# Manifolds: A definition of the Gradient an Algebraic Tangent vector over charts, how to show equivalence?

Let X be an n-dimensional differentiable manifold and $p \in X$ . Let $(U, h, V )$ for X around p with coordinates $(x_1 , . . . , x_n )$ in V , and let $v_i , i = 1, . . . , n$ , be the basis of $T_{p}^{alg}X$ associated to this chart.

Let $f : X \rightarrow R$ be a differentiable function. One could try to define the gradient $\bigtriangledown f(p) \in T_{p}^{alg}X$ as:

$$\bigtriangledown f(p) \equiv \displaystyle\sum\limits_{i=1}^n \frac{\partial(f \circ h^{-1})}{\partial x_{i}}(h(p)\cdot v_{i})$$

The question is: Is this a good definition, i.e. independent of the chosen chart?

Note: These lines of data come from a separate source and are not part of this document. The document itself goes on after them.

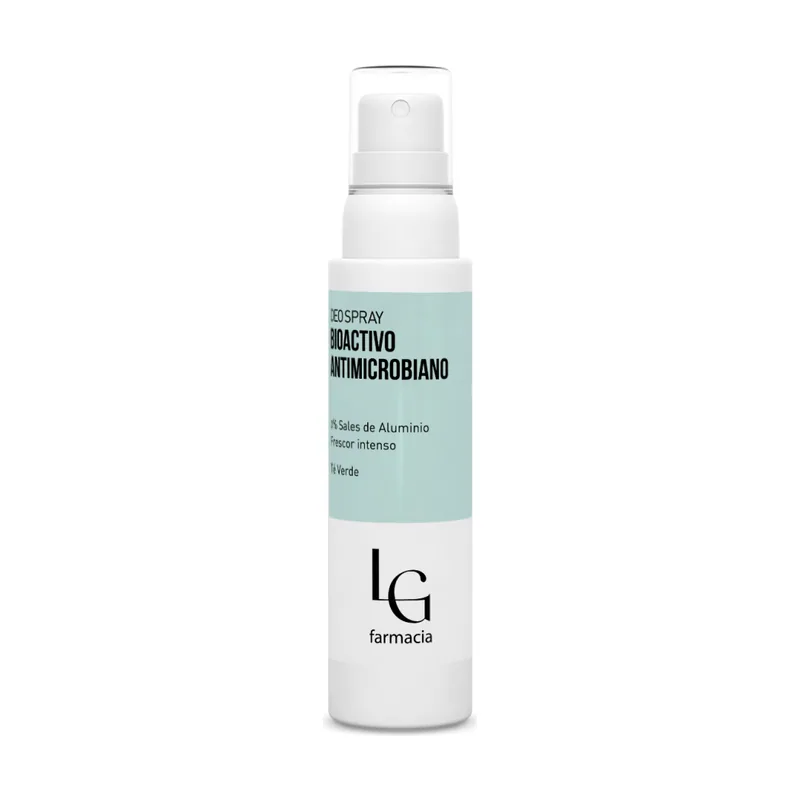 Lg Desodorante Spray Bioactivo Antimicrobiano 100ml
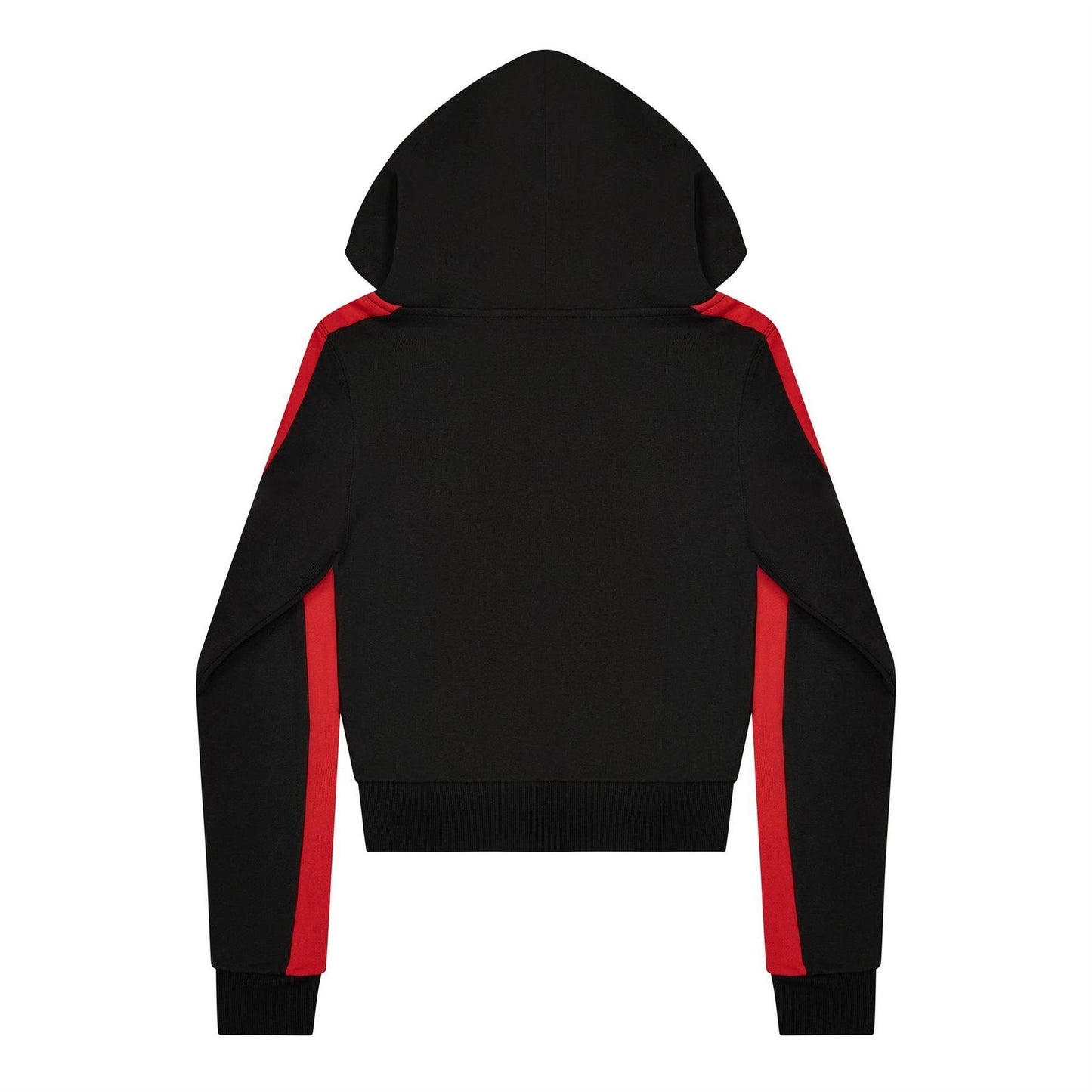 Black - Back - Zip Womens-Ladies Full Zip Hoodie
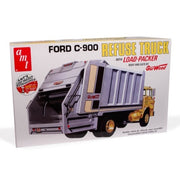 AMT 1247 1/25 Ford C-900 Gar Wood Load Packer Garbage Truck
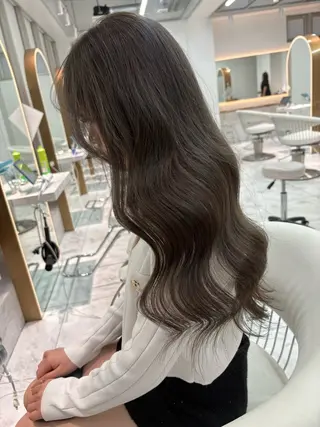 ロング カラー 北九州①の艶髪師♥️ ♣️♦️♠️翔大のヘアスタイル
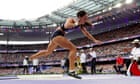 Katarina Johnson-Thompson takes first-day lead in Olympic heptathlon
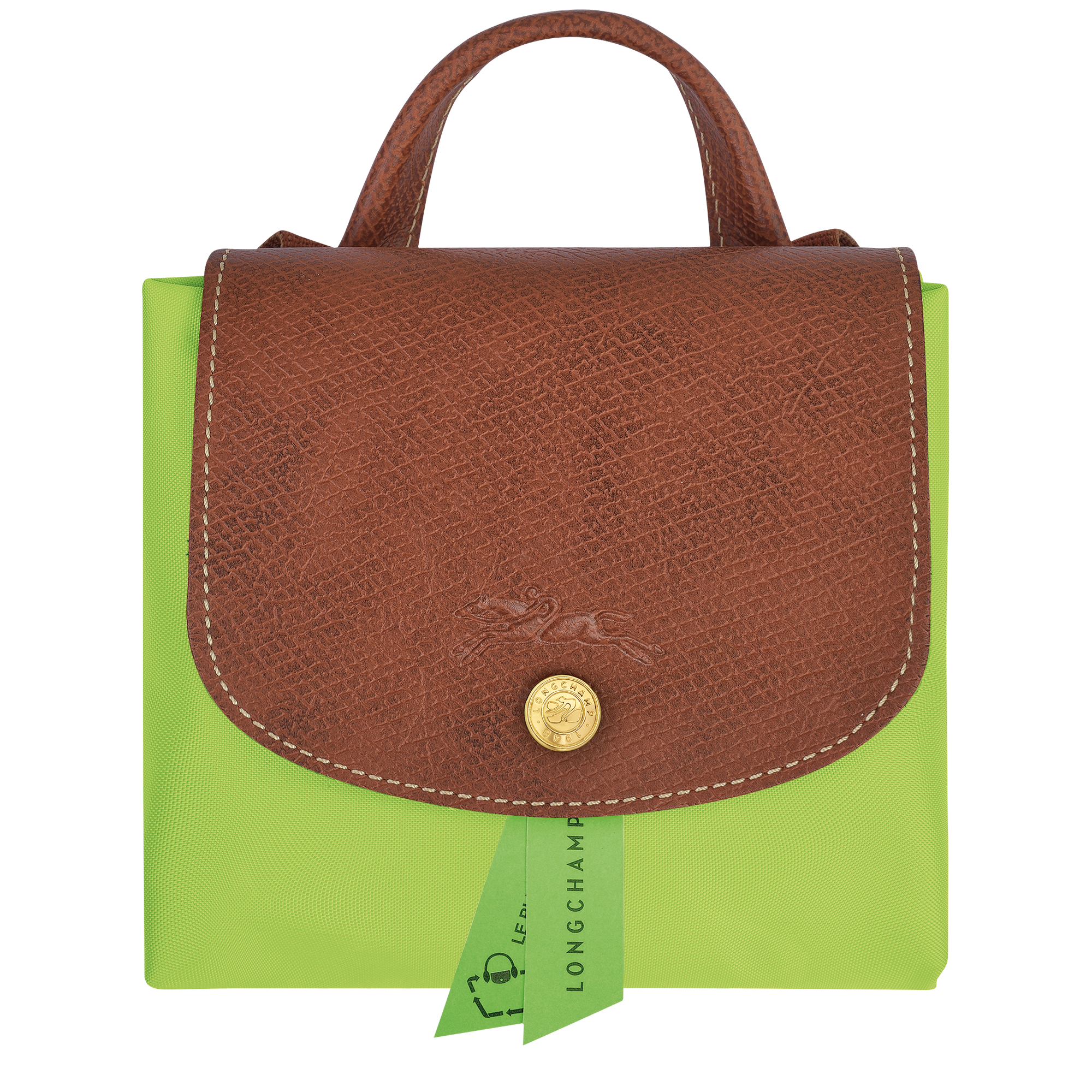 Le Pliage Original Backpack, Green Light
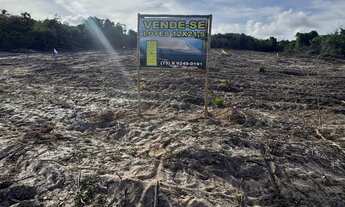 Imagem 3: Terrenos entre Sítio do Conde e Barra de Itariri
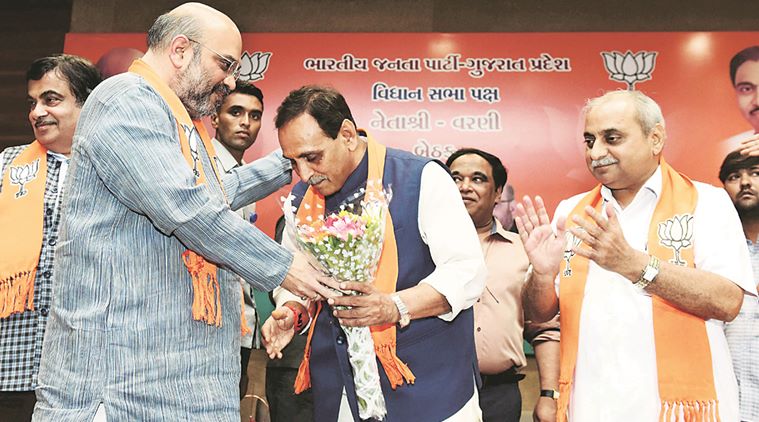 Vijay Rupani- Gujarat CM
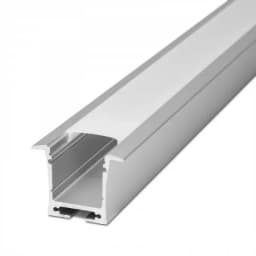 Profil aluminiu pentru benzi LED 35x28mm 1m PHENOM 2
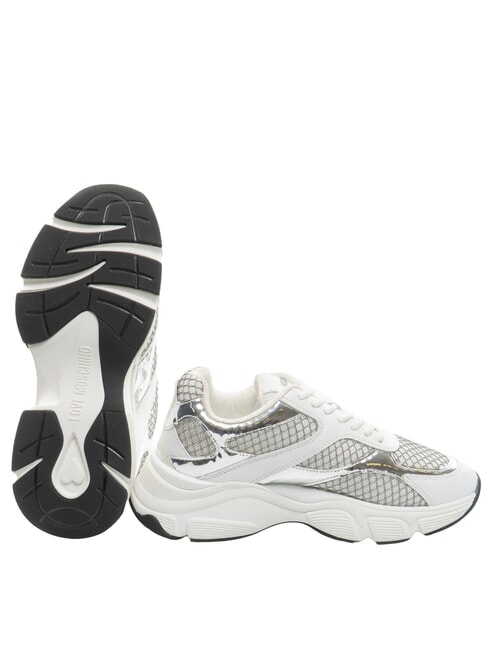STARDUST 60 Sneakers Donna argento/bianco/argento - Scarpe Donna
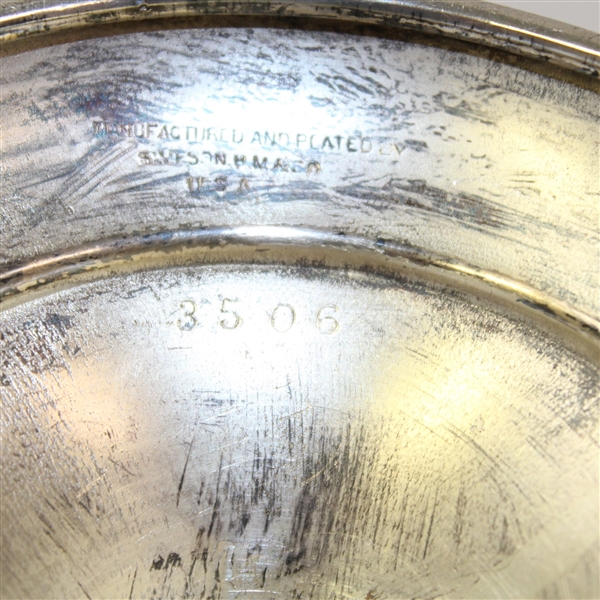 1912 Berkshire Country Club Handicap Tournament Trophy- ROTH COLLECTION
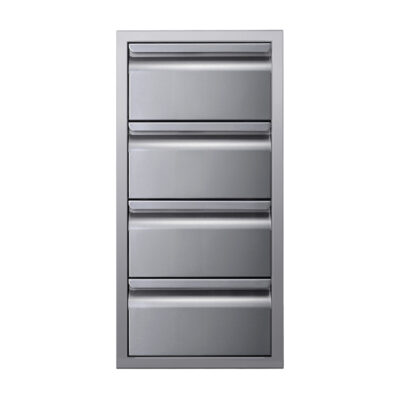 Memphis FOUR DRAWER STACK 15”
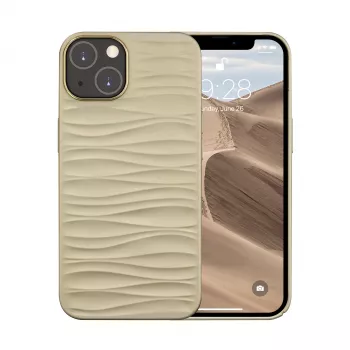 dbramante1928 Dune Hülle für Apple iPhone 14 - Sand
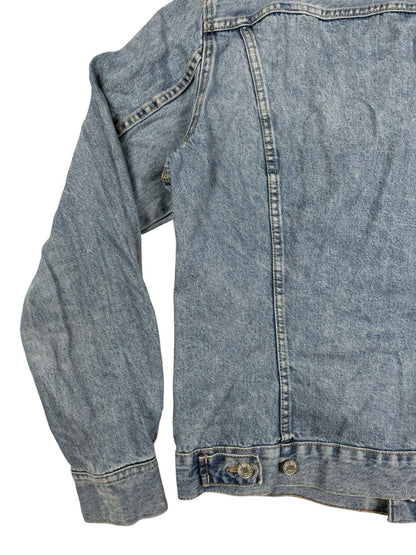 H&M Blue Denim Trucker Jacket Medium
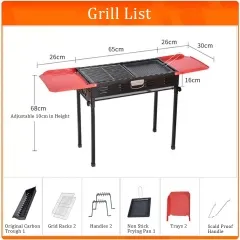 Stainless Steel Charcoal Grill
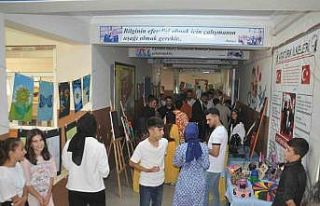 Cizre’de ’Teknoloji ve Görsel Sanatlar’ sergisi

Now it seems like it should be, as charts are one-to-one. I however have found the question posed in a different problem set which says to show that this is not a good definition. I don't see why.

If I did something such as define $$\bigtriangledown g(p) \equiv \displaystyle\sum\limits_{i=1}^n \frac{\partial(g \circ h'^{-1})}{\partial x_{i}}(h'(p)\cdot v_{i})$$ Where I am looking at the chart $(W, h', Z)$ and both charts $h,h'$ map to $\mathbb{R^n}$ hence they map to eachother. Thus somehow I can take $h'$ and turn it in to some function of $h$. This would be one way to show that the gradient is independent of the chart. I have no idea how to show this though. I have a posted question about the algebraic tangent spaces here:

Algebraic Tangent Space and Vector - an intuitive understanding?

Thus can see a definition of the $\bigtriangledown f(p) \in T_{p}^{alg}X$.